The dynamic myocardial perfusion studies were reconstructed as transverse sections with 3.0-mm thickness (increment 2.0 mm) and a smooth convolution kernel, according to the authors.
Blinded to the results of the automatic evaluations, two experienced observers then performed traditional manual analysis on Siemens' syngo MultiModality Workplace workstation with syngo VPN perfusion software. The observers, one cardiologist and one radiologist who both had more than five years of experience in cardiac CT, performed their evaluations in consensus.
Image analysis
Prototype software (Cardiac Functional Analysis Protocol Build Data, Siemens) was used to perform semiautomated image analysis. Employing an automatic 3D heart chamber segmentation system and a surface-based four-chamber heart model, the segmentation system combines a flexible heart model with an automatic model fitting approach, according to the researchers.
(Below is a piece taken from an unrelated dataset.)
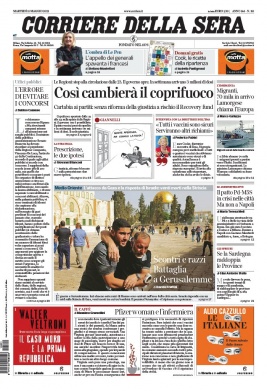 Corriere Della Sera N°20210511 du 11 mai 2021 à télécharger sur iPad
"Using the heart model, an automated chamber segmentation is employed which uses marginal space learning and probabilistic boosting trees for object localization followed by nonrigid deformation estimation," the authors wrote. "The resulting segmentation consequently allowed for both manual placement of ROIs and calculation of a polar map employing the modified 17-segment [American Heart Association] AHA myocardial model."
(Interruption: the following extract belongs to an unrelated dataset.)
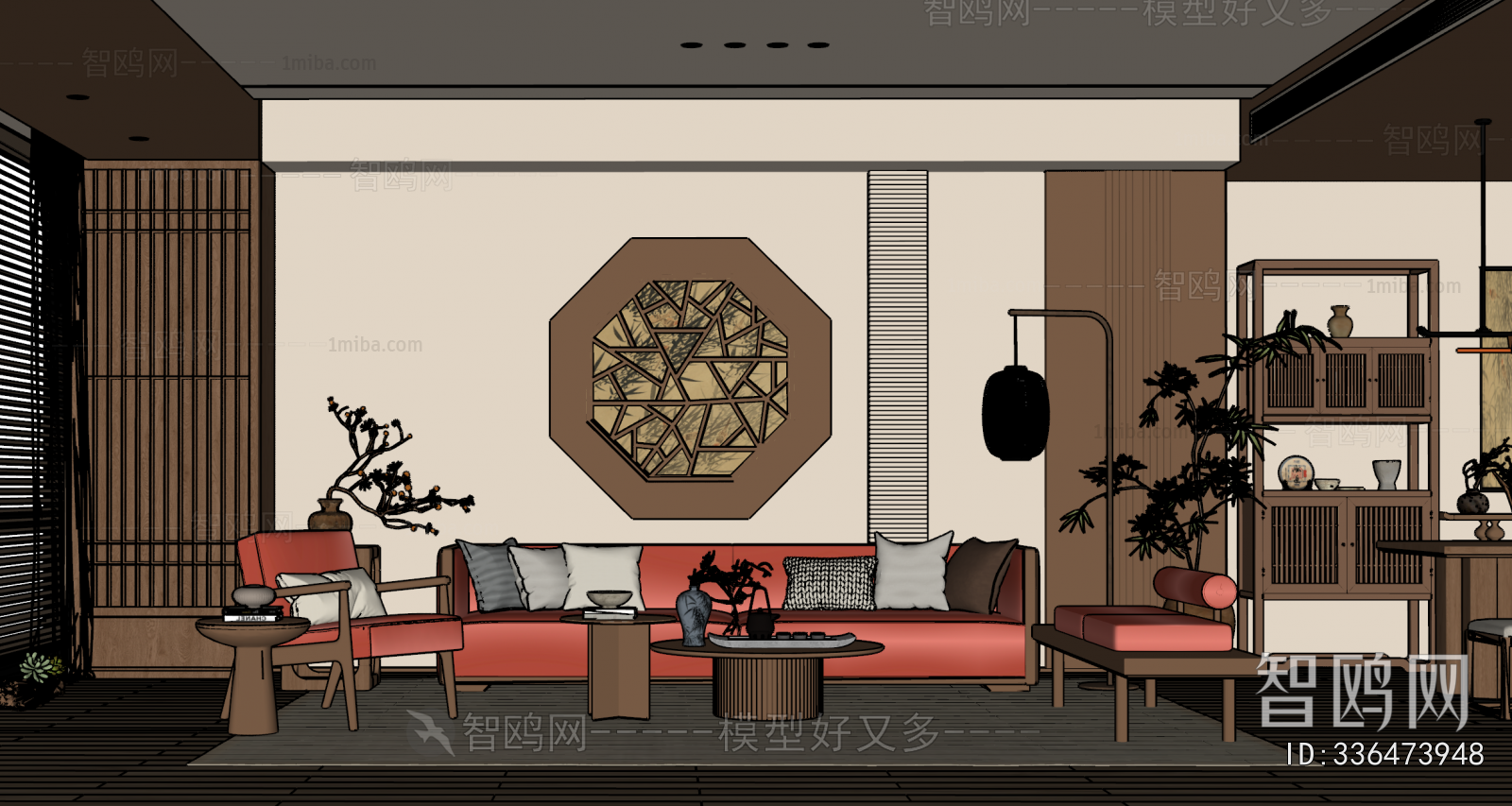 New Chinese Style A Living Room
Manual readjustment of the cardiac chambers can be performed if automatic delineation of the chambers is not done properly.
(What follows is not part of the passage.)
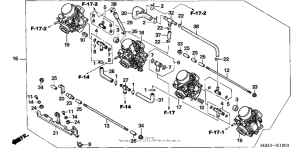 CB600F Карбюратор в сборе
An E-Cam dual-detector, hybrid SPECT/CT gamma camera (Siemens) was used to acquire SPECT myocardial perfusion imaging studies. Either technetium-99m sestamibi or tetrofosmin were administered intravenously at rest and stress, respectively.
After 19 (3.2%) myocardial segments were excluded due to insufficient coverage and 31 (5.2%) were excluded because of attenuation artifacts, a total of 542 myocardial segments were evaluated in the study. The 3D semiautomated evaluation software successfully processed all CT myocardial perfusion datasets, although additional manual realignment of the endocardial contour was necessary in 20% of the segments.
No difference
The researchers found no difference in mean myocardial blood flow (MBF) and myocardial blood volume (MBV) between the manual approach and the 3D semiautomated evaluation software, as indicated in the table below.
Manual vs. 3D semiautomated perfusion measurement | |||
Mean myocardial blood flow | Mean myocardial blood volume | P value | |
Manual approach | 142.39 ± 47.05 mL/100 mL/min | 142.85 ± 43.23 mL/100 mL/min | 0.5 |
3D semiautomated approach | 18.84 ± 5.63 mL/100 mL | 18.60 ± 4.90 mL/100 mL | 0.60 |
Strong agreement was also shown between manual assessment and the 3D evaluation software for both MBF and MBV (Intraclass coefficient [ICC]: 0.91, p < 0.001 for MBF and ICC: 0.88, p < 0.001 for MBV).
The mean evaluation time for MBF and MBV analysis was 49.1 ± 11.2 minutes for manual assessment, compared with 16.5 ± 3.7 minutes for the semiautomated approach. The difference was statistically significant (p < 0.001).
Based on SPECT results, 42 segments in 17 patients were classified as having pathological myocardial perfusion.
Diagnostic accuracy using manual and 3D semiautomated evaluations | ||||
Manual approach (MBF) | 3D semiautomated tool (MBF) | Manual approach (MBV) | 3D semiautomated tool (MBV) | |
Sensitivity | 86% | 79% | 81% | 76% |
Specificity | 96% | 96% | 96% | 96% |
Negative predictive value | 99% | 98% | 98% | 98% |
Positive predictive value | 65% | 65% | 62% | 64% |
Accuracy | 95% | 95% | 95% | 95% |
"In summary, the performance of 3D semiautomated evaluation software for dynamic CT myocardial perfusion imaging correlates highly with manual assessment of MBF/MBV values in good agreement with SPECT," the authors concluded.